I promise you these days and an understanding
Of light in the twigs after sunfall.
. . .
I promise you old signs and a recognition
Of sun in the seething grass and the wind’s rising.
— Archibald MacLeish, 1892-1982
American poet

Today is Thanksgiving Day in the United States, the traditional start of the holiday season for me. I have not written often in this space about Thanksgiving. In 2006, ten days beyond learning that yet another friend my age had died, I was consumed by anxiety over making sure everyone I loved knew that I loved them, that every holiday trimming was put in place and every tradition observed and written about. In 2007, I found myself at an artist’s residency in Wyoming, sharing the holiday with five women, all of whom had met barely a week before and whom I would never see nor hear from again. Nevertheless, one of them, the mean girl type who stopped speaking to me about a week later, insisted that we have the whole nine yards of a T-Day dinner, complete with an organic free range turkey that cost $11 a pound.

I cooked my last — in the sense of my most recent — Thanksgiving dinner in 2008, My stepson and his family and Lynn and her then-new boyfriend Matt made for seven at the table. In 2009 Lynn and Ron and I had Thanksgiving dinner with my sister and her family, and last year, for the first time, Ron and I joined Lynn at that same boyfriend’s family’s house, because that was what was best for Lynn and her work schedule. I will not be that mother who expects people to be in two places at once, or to undertake a marathon Turkey Trot that involves two tanks of gas and two (or more) complete sit-down dinners. That plan serves us well again this year.

Woodridgehenge, November 24, 2011

I took the picture at left at 8:00 this morning. It was not exactly sunfall. I thought that was a poetic word that Archibald MacLeish had invented, and that it might mean the hour when the sun became visible, but evidently “sunfall” is a real word that refers to sunset, the hour when the sun falls below the horizon. But I thought of MacLeish’s poem when I saw the sun blazing forth to me from between two of my favorite trees, the ones directly opposite the place where I sit each morning for my Coffee & Contemplation.

The scene and the quotation seemed to point to something significant, a change, a shift. I had wakened at four, propelled out of sleep by a vivid, detailed dream. I got up, wrote about it for a while, and then went back to bed. So I woke late, and came down to Woodridgehenge.
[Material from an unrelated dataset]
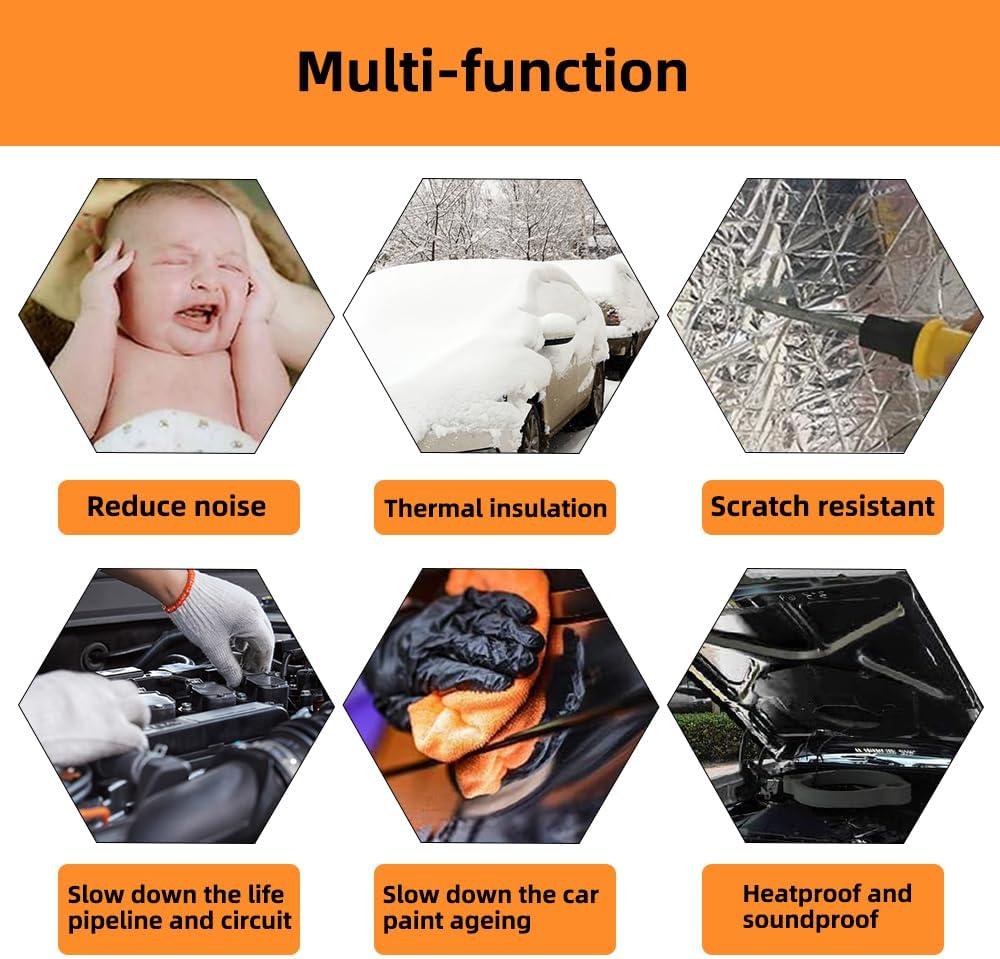 1Mx5M Sound Deadener Roller Car Insulation Mat Heat Shield Noise Adhesive Foam - Battery Mate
It’s been a wobbly month for me. I’ve been writing a story that requires a great deal of emotional energy. Other circumstances have sent me into some places in my own psyche that do not see light very often. I’ve made a new will, a process which calls for some serious consideration of both the future and the past. I’ve had some issues with depression and mood regulation that have impelled me, finally, to leave the care of a doctor whom I did not like and did not trust, and engage with one whom I do trust, even if I did yell at him in study hall when he was in tenth grade. Improvement is on the horizon, but I still felt reluctant to undertake all the Holly Jolly the coming weeks require.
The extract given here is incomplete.